> **Task requirements**:
Copy out exactly the stretch below, from the line with "Women's V Neck" through the line with "Traditional Wax Flameless", both included; the pictures stay out.

> **Exercise inputs**:
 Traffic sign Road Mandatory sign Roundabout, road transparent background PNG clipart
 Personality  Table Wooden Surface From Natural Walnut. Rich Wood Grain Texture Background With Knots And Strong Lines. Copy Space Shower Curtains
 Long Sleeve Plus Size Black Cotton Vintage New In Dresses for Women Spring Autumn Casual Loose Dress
* * *
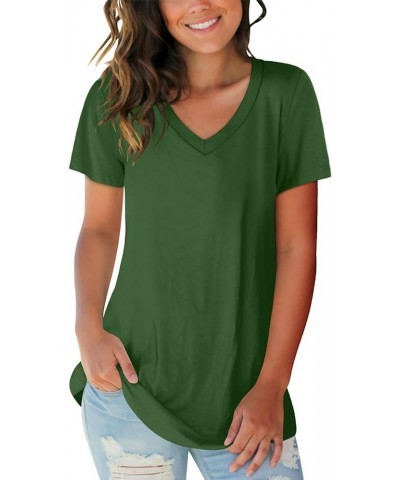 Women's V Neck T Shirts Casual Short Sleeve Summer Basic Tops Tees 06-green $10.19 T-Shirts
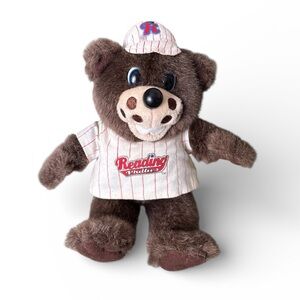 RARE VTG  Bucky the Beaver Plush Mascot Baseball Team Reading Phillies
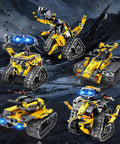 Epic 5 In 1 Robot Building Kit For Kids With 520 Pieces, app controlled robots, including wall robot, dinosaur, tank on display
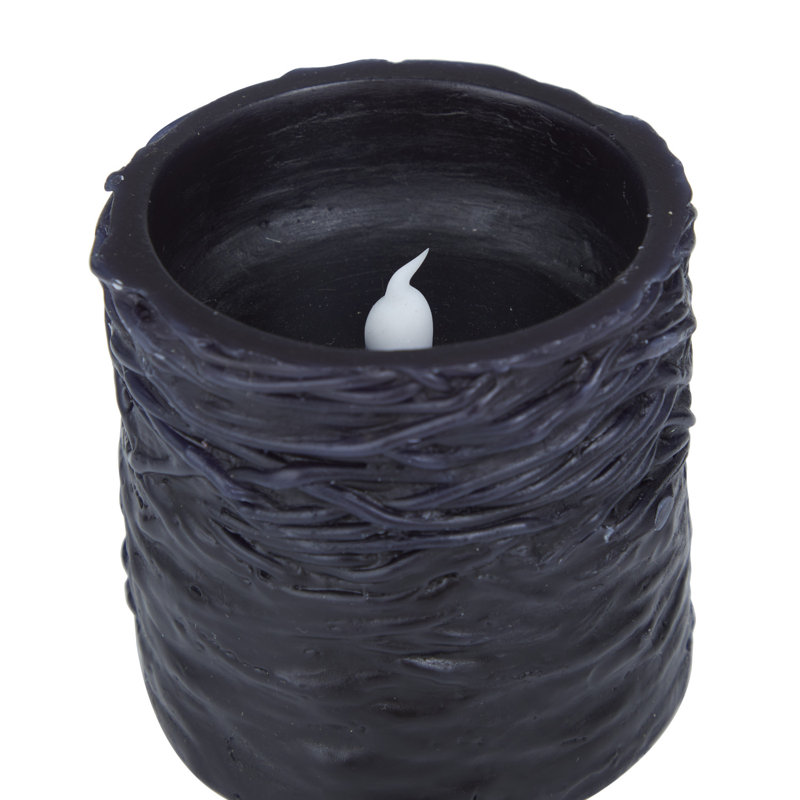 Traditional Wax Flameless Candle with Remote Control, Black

> **Output of the exercise**:
 Women's V Neck T Shirts Casual Short Sleeve Summer Basic Tops Tees 06-green $10.19 T-Shirts
 RARE VTG  Bucky the Beaver Plush Mascot Baseball Team Reading Phillies
 Epic 5 In 1 Robot Building Kit For Kids With 520 Pieces, app controlled robots, including wall robot, dinosaur, tank on display
 Traditional Wax Flameless Candle with Remote Control, Black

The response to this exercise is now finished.